NIH has furloughed 13,698 of its 18,646 employees — 73 percent in all. That includes staff taking care of patients like McKenna, who has a rare genetic condition called neurofibromatosis Type 1. It causes tumors to grow all over the insides of her body.

She’s in a trial to see if a cancer drug called AZD6244 can stop the tumors that are wrapping themselves around her nerves, collapsing her lung, squeezing her esophagus and causing her constant pain. Without it, the only option is surgery to remove tumors that will just return again and again, and she’s been told she probably won’t live past 18 without a new, good treatment.

“This research is very, very vital to my daughter and to thousands of others who come here,” Justin Smith says. “We are both angry.”

The NIH says no new studies will be started during a government shutdown. Six new trials were due to start next week — now they won’t. “Approximately 200 new patients per week will be deferred admission to the NIH Clinical Center during the shutdown,” NIH says. Of these, 30 are children like McKenna.

“We’ve waited a year to come here,” Smith added, “And now that we are here, it’s like a ghost town.”

That not only means there's a skeleton staff, but also that there are no cafeterias open, nowhere to get a bite to eat between hour after hour of MRIs, blood tests and treatments.
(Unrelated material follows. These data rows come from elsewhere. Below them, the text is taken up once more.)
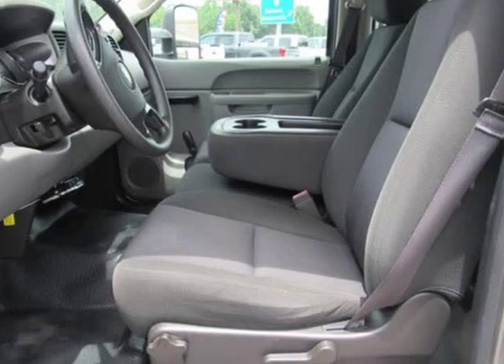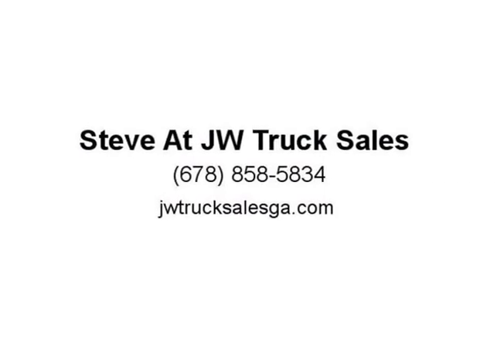Make sure to view our entire inventory at JWTRUCKS.com — we're here to help you make your truck purchase easy and fun. Come give us a try and see what it's like to do business the right way. We ship all over the United States and Canada, so feel free to call us for a shipping quote. We can beat everyone in it.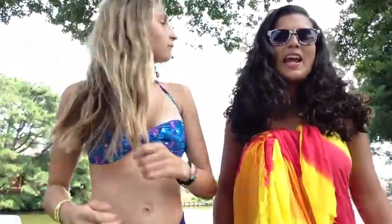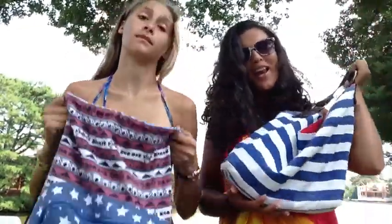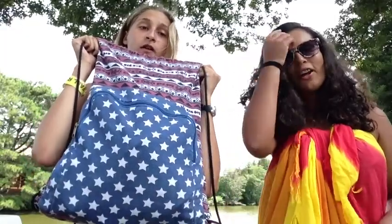Hey, Kelly here and today we're doing what's in our beach bags, and today I have Anna here. My bag is from Target, and this is Anna's bag — it is also from Target.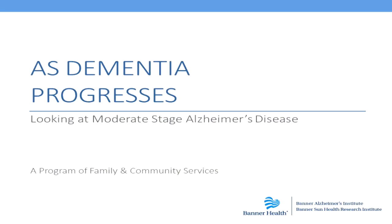Hi, I'm Hela Brand. I'm the physician assistant who works at Banner Alzheimer's Institute.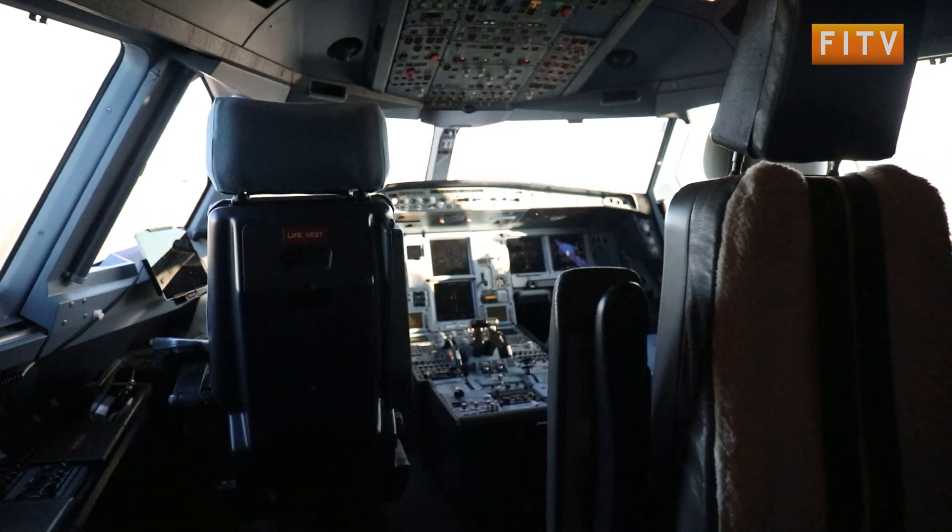I've been flying the Voyager for just under a year now. It's my first tour as a Royal Air Force pilot and it's been a very enjoyable experience so far.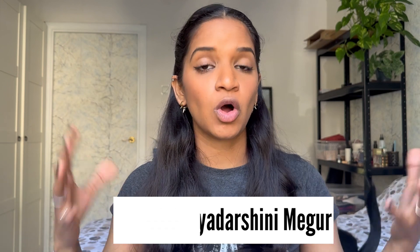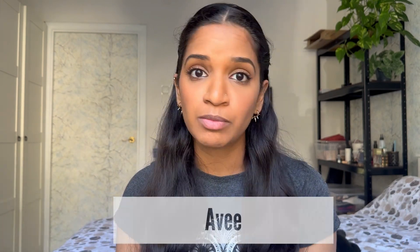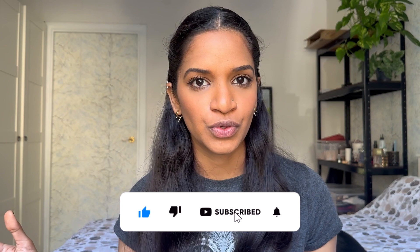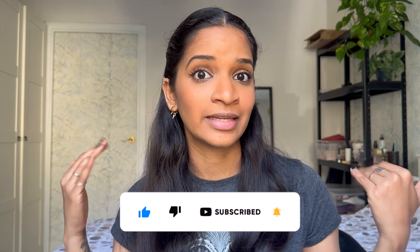Hey everyone, welcome to my channel. My name is Ashwini Priyadarshini Meghur, also known as Avi, and I am a PhD student in the field of biology. Today in this video I'm going to be talking about the Cosrx BHA — that is beta hydroxy acid — blackhead powder liquid. It's a solution, a toner that you use after cleansing your face, and I'm going to break down all the ingredients and tell you at the end if this product is worth buying.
The Smiths are lucky to be staying in the Children’s Inn at NIH, a non-profit center run entirely on private donations, so it’s not at the mercy of government funding.

There, McKenna can play with a therapy dog and her dad can cook meals in their kitchen. He’s worried that if the government shutdown goes on for too long, even ongoing trials like the one McKenna is in will close.

“We have to be back up here in a couple of weeks, then back again in a couple of months,” Smith says. “We are afraid they are going to say ‘You can’t come back.’ This is our last resort.”

Republican members of the House of Representatives say they won’t pass legislation to keep funding the federal government unless they get concessions from Democrats on the Affordable Care Act. Democrats in the Senate and President Barack Obama say no way.

“To be stopped at the edge over ideology and BS!” Smith says. “I’d love to have my senator come up and shake my daughter’s hand and apologize to her for what they are doing.” 

NIH isn't the only federal health agency affected. The Centers for Disease Control and Prevention, the Food and Drug Administration and food stamp programs are, too. Medicare and Medicaid won't be, because they are funded differently.

NIH is currently running nearly 500 different clinical trials, about half of them for cancer treatments. Patients enrolled at studies at other hospitals around the country are probably not affected by the shutdown, especially if the trials are paid for by drug companies or universities. But NIH often studies the people with the rarest diseases and the least hope — conditions that don’t justify a drug company’s investment.

And NIH pays for studies being run by 300,000 researchers around the country and the world.

NIH had already been stinging from something else Congress did — the sequester. This was the measure that cut 5 percent from the federal budget across the board. The NIH slashed $1.5 billion from its budget. “This means every area of medical research will be affected,” NIH said in a statement.

Tom Costello and NBC affiliate KCRA-TV in Sacramento, Calif., contributed to this report.